For the listing below, output exactly the lines from the line with "No Aventure Con" up to and including the line with "3-phenyloctahydrocyclopenta[b]pyrrole", and no other lines.

BEGIN Data for analysis

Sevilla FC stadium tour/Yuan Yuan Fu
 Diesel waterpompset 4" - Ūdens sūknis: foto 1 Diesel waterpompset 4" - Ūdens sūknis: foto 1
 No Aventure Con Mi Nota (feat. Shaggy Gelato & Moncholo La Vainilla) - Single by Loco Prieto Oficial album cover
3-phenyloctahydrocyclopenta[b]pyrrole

END Data for analysis
BEGIN Data for analysis

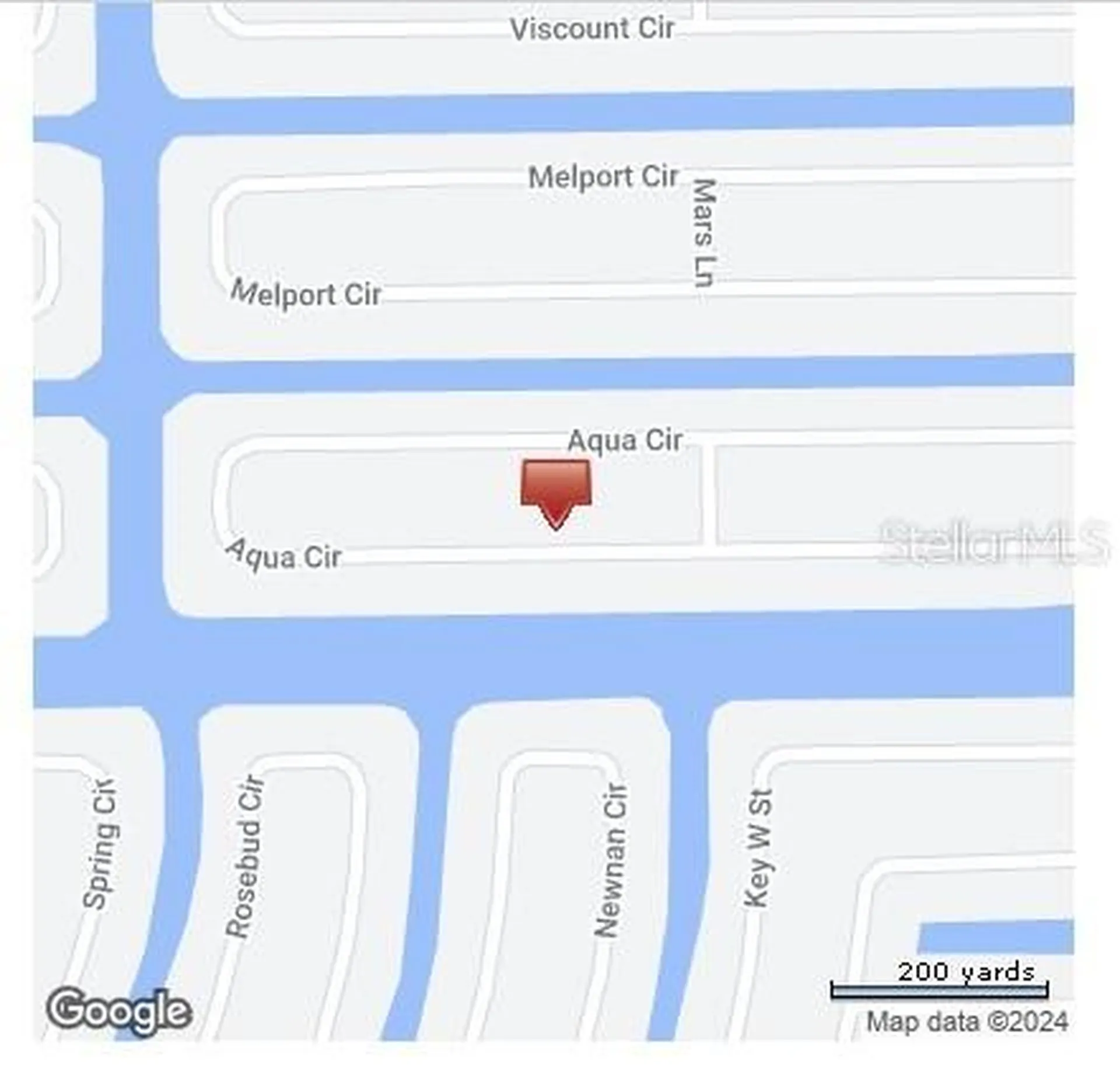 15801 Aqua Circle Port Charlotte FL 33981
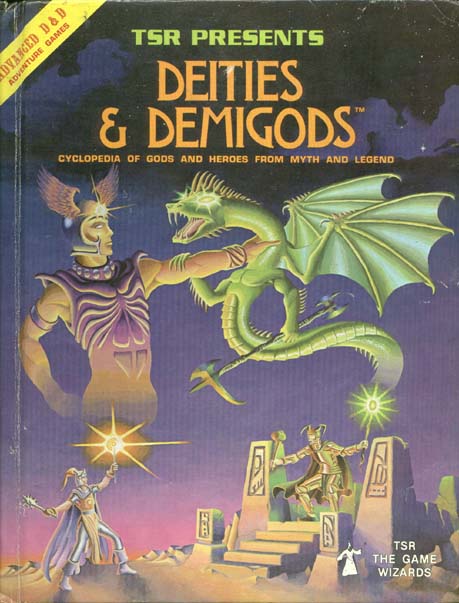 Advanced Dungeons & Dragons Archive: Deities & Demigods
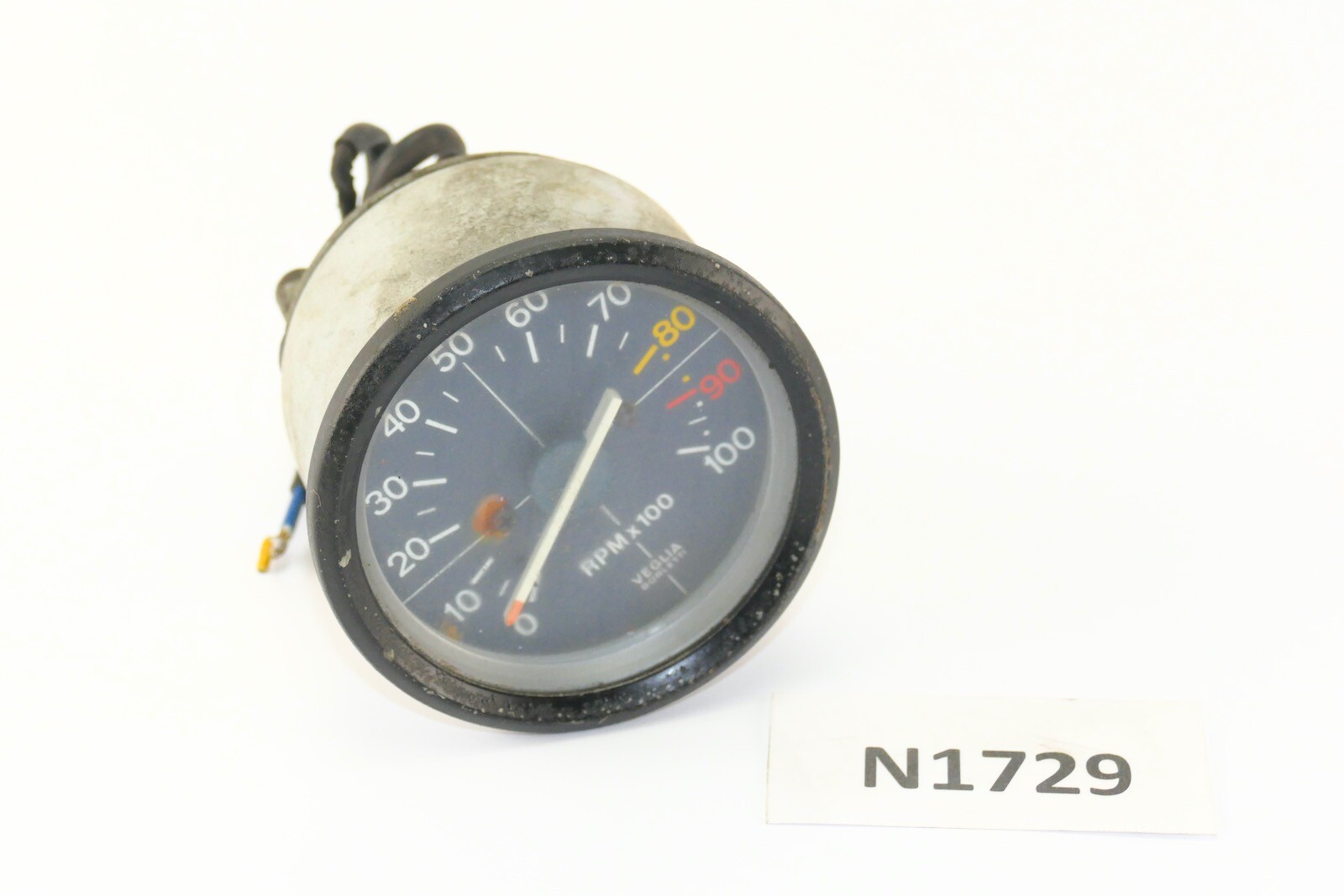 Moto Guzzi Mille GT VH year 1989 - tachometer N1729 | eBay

END Data for analysis

# Response for this exercise:
 No Aventure Con Mi Nota (feat. Shaggy Gelato & Moncholo La Vainilla) - Single by Loco Prieto Oficial album cover
3-phenyloctahydrocyclopenta[b]pyrrole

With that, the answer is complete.